There are lots of problems here:

  • there can't be a space before the <equals-sign> in an assignment statement,
  • you need to use ASCII <double-quote> characters to quote shell arguments; not a pair of Unicode <opening-double-quote> characters,
  • a command substitution needs to be surrounded by a pair of ASCI <back-quote> characters or (depending on what shell you're using) a $( at the start and a ) at the end; not by an ASCII <back-quote> at the start and an ASCII <apostrophe> at the end, and
  • there is no reason to use long format ls output when you just want the filename.

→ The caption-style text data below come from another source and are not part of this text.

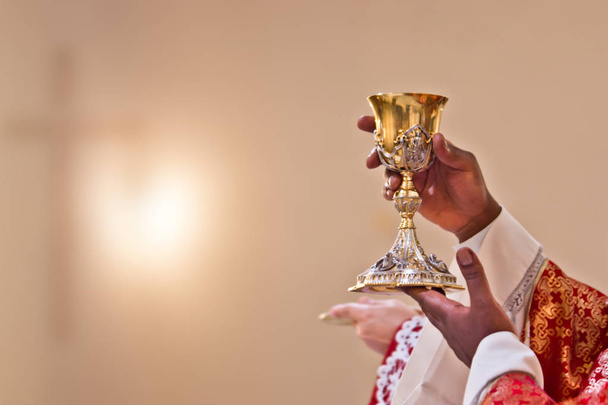 las manos del sacerdote levantan la sangre de Cristo
 - Foto, Imagen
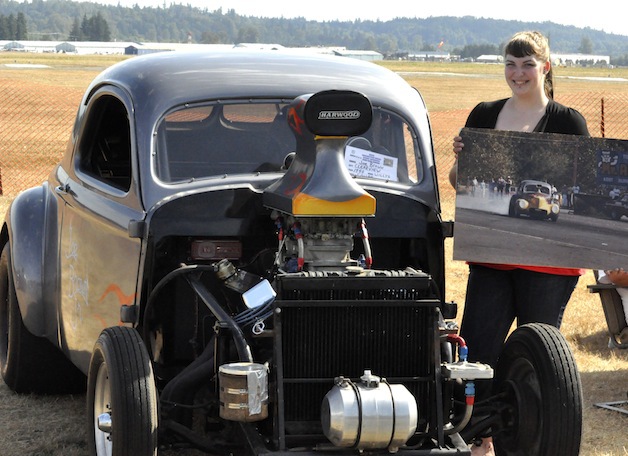 Rachel Brown showed off her father Joe Brown's 1940 Willys Coupe at last year's Drag Strip Reunion.— image credit: File photo.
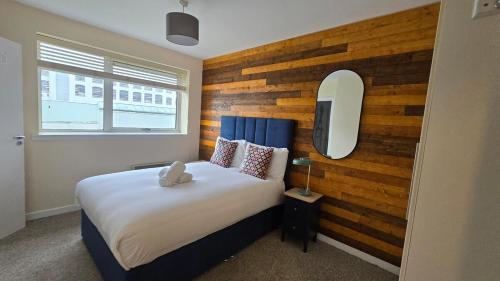 a bedroom with a bed with a wooden accent wall at Charming Newly Renovated 2 Bed with free parking in Galway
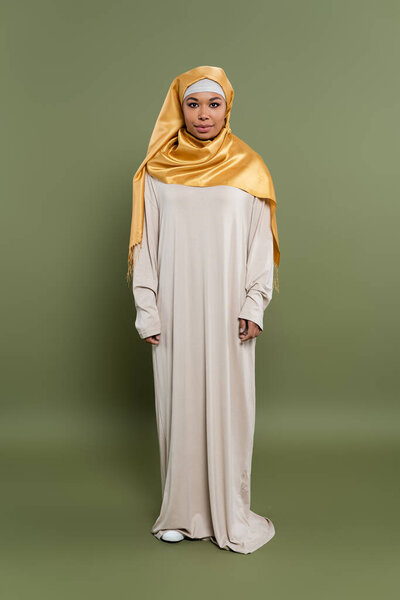 full length of multiracial muslim woman in yellow silk hijab and abaya dress standing on olive green background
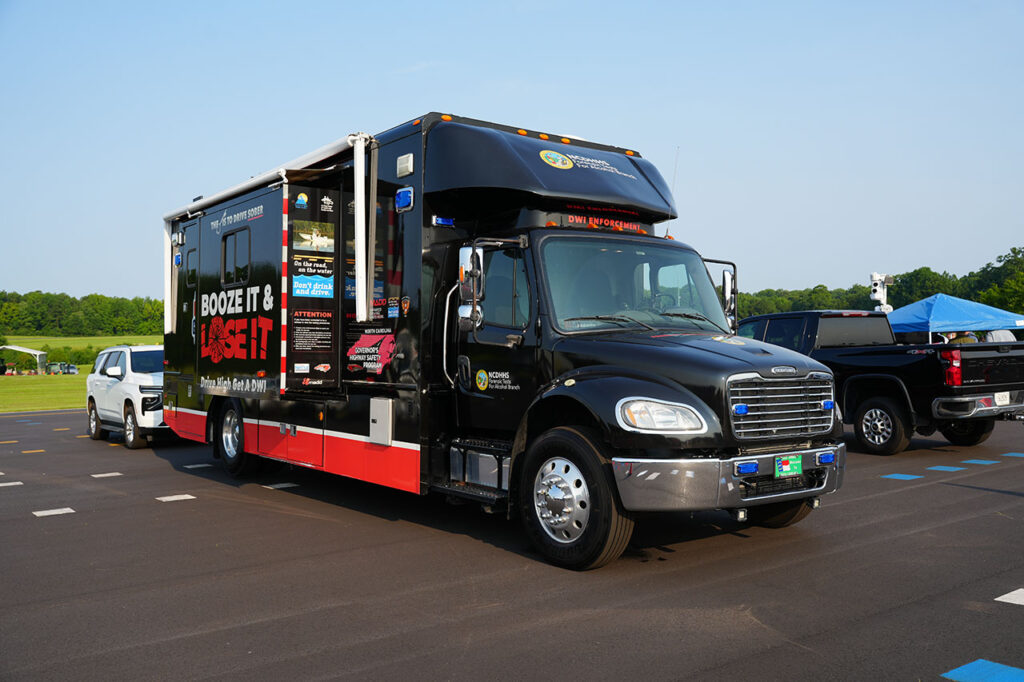 Black safety demonstration truck parked at the Technology Showcase
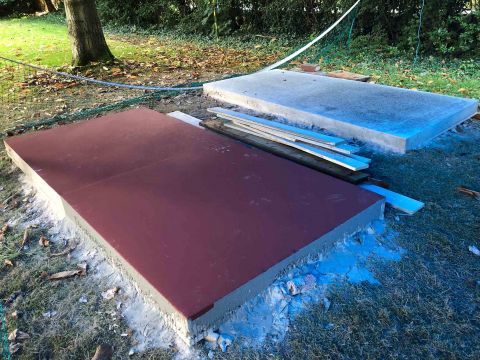 A test slab with a red polished surface on the lawn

Maybe this will come closer to what you need:

report=`ls -t "$DIR"/filename_* 2>/dev/null | head -1`

In addition to what Don has listed, you may still hit problems if there are lots of files that match the filename pattern. This is because the shell will expand the pattern to match the list of all files before passing it to ls to list them in modification time order ( -t ), newest first. Because of this, you might overstep the limit of the command line. You haven't suggested how many files this might match. Is it a lot?

This is a system specific limit and you may never hit the maximum command line length, but if this is the case, you might be into a rather painful process to read the timestamp on each file and sort them yourself. Perhaps something like this might do the trick:-

for file in "${DIR}"/filename_*
do
   stat -c '%Y %n' "${file}"
done | sort -n | tail -1 | cut -f2- -d" "

It's messy, I know, but it might get round the command line limit, if you were to hit that.

As well as using CODE tags as in the tutorial, please can you also include details of the OS and shell you are using on each thread. The output from uname -a and ps -o cmd= -p $$ should suffice, unless your question is hardware/devices in nature.

I hope that you don't need the above code, but it might help.